Exercise instructions |
Below are the records; give again exactly the lines from the one containing "Équipe evidosiriedaro lors" through the one containing "Велика ділянка біля", leaving out pictures.

Data for the task |
* * * * *

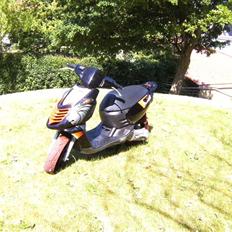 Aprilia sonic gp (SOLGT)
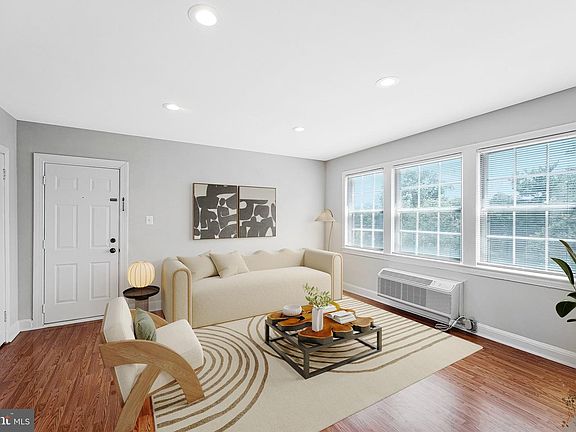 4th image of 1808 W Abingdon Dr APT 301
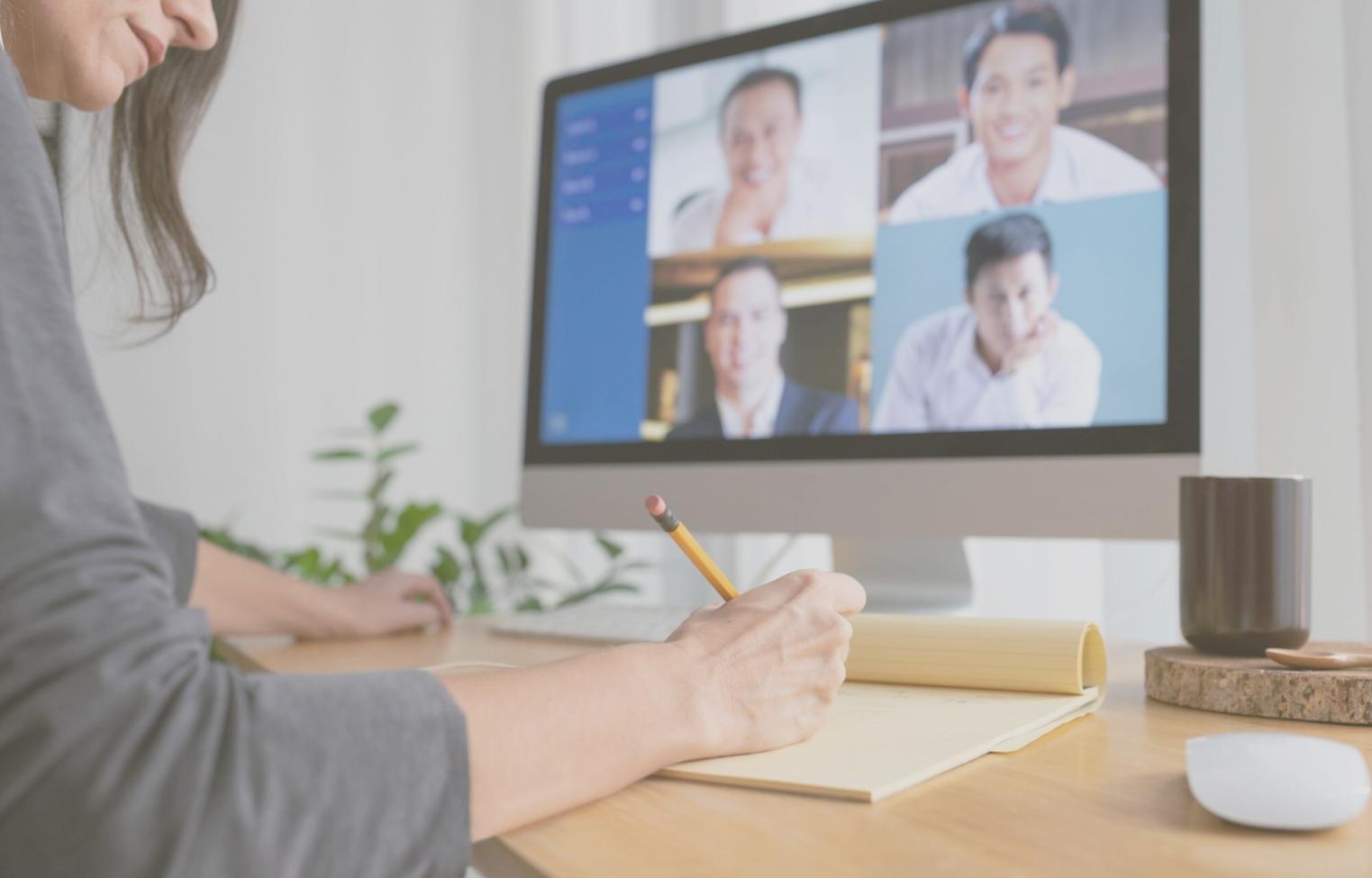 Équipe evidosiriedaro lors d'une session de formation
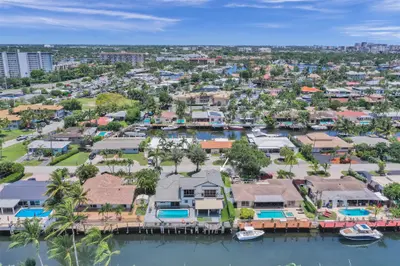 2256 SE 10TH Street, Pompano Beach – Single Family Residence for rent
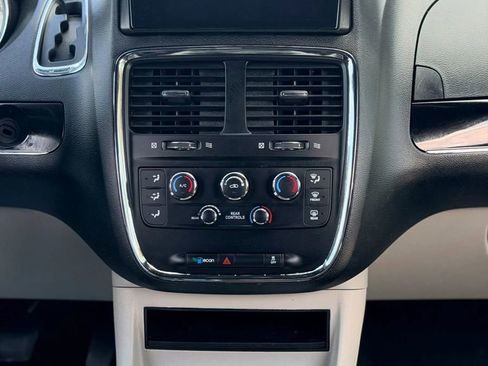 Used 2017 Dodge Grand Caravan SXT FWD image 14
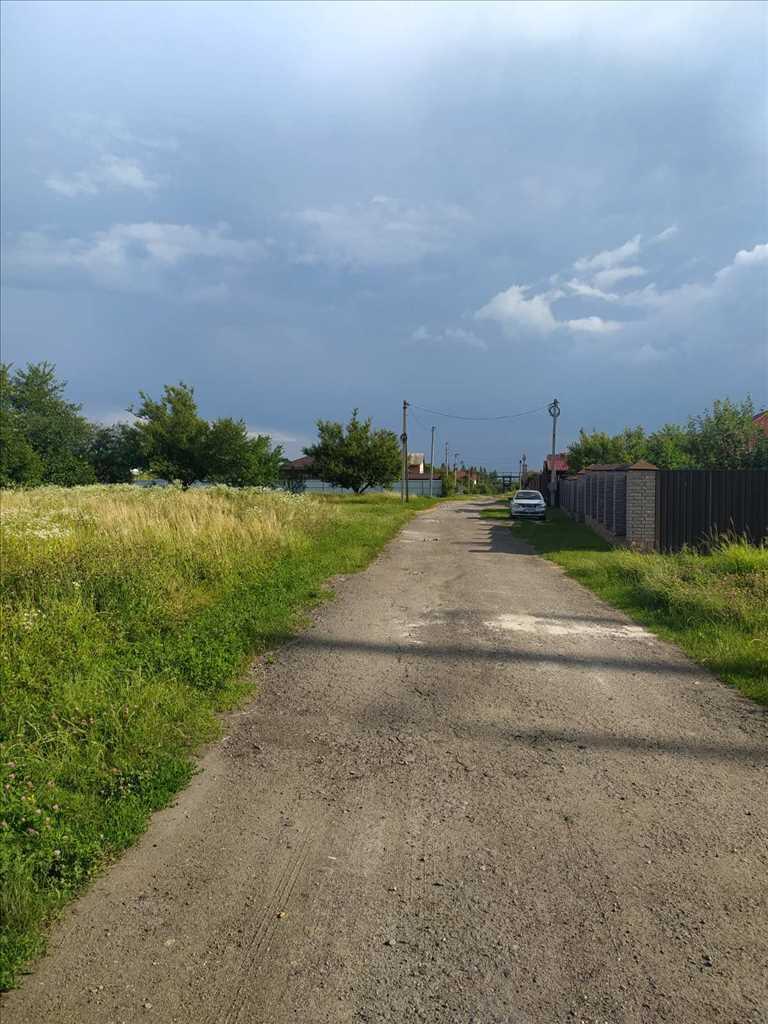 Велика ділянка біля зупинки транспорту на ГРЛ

* * * * *

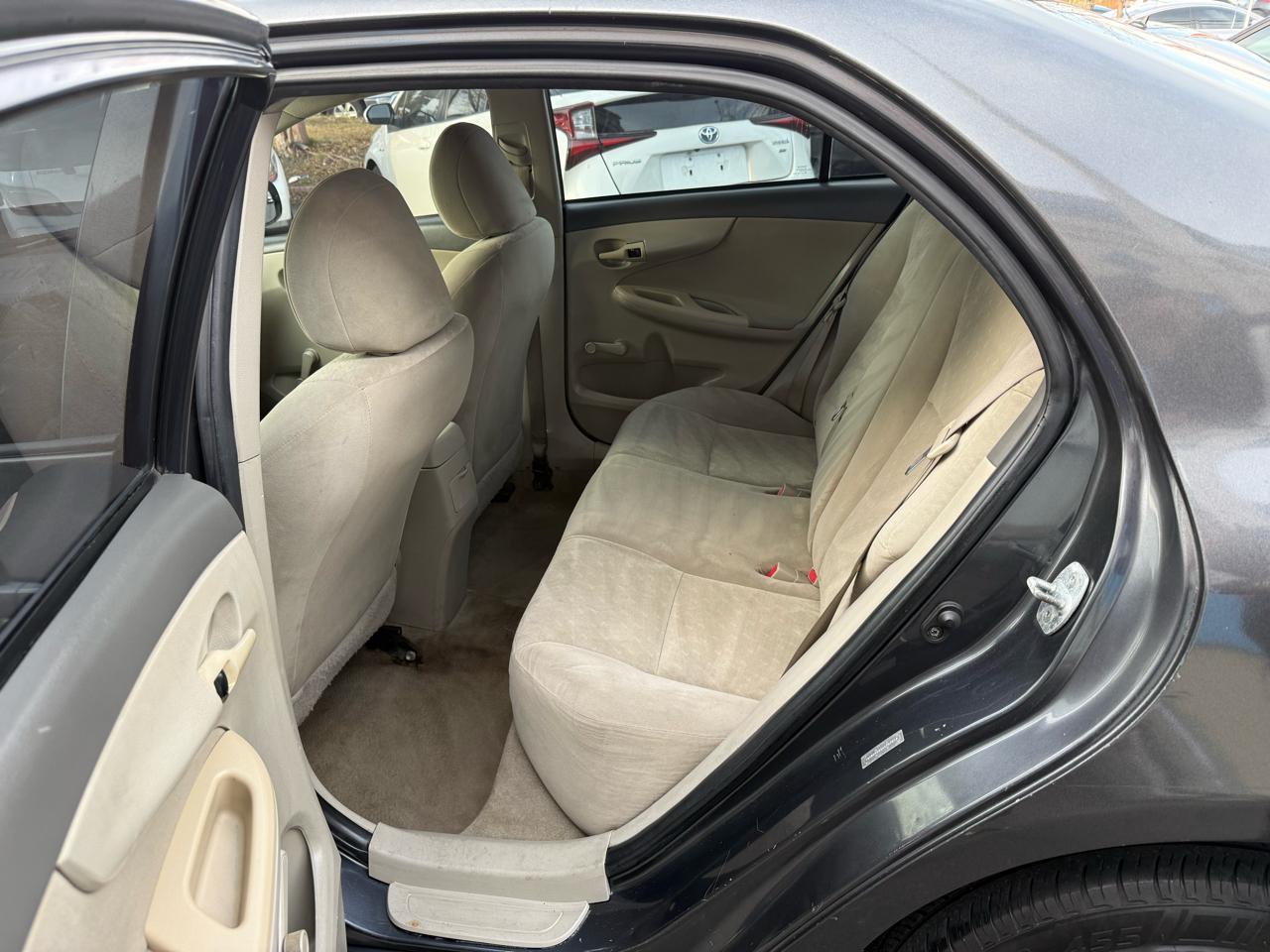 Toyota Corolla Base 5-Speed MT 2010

* * * * *

Task answer |
 Équipe evidosiriedaro lors d'une session de formation
 2256 SE 10TH Street, Pompano Beach – Single Family Residence for rent
 Used 2017 Dodge Grand Caravan SXT FWD image 14
 Велика ділянка біля зупинки транспорту на ГРЛ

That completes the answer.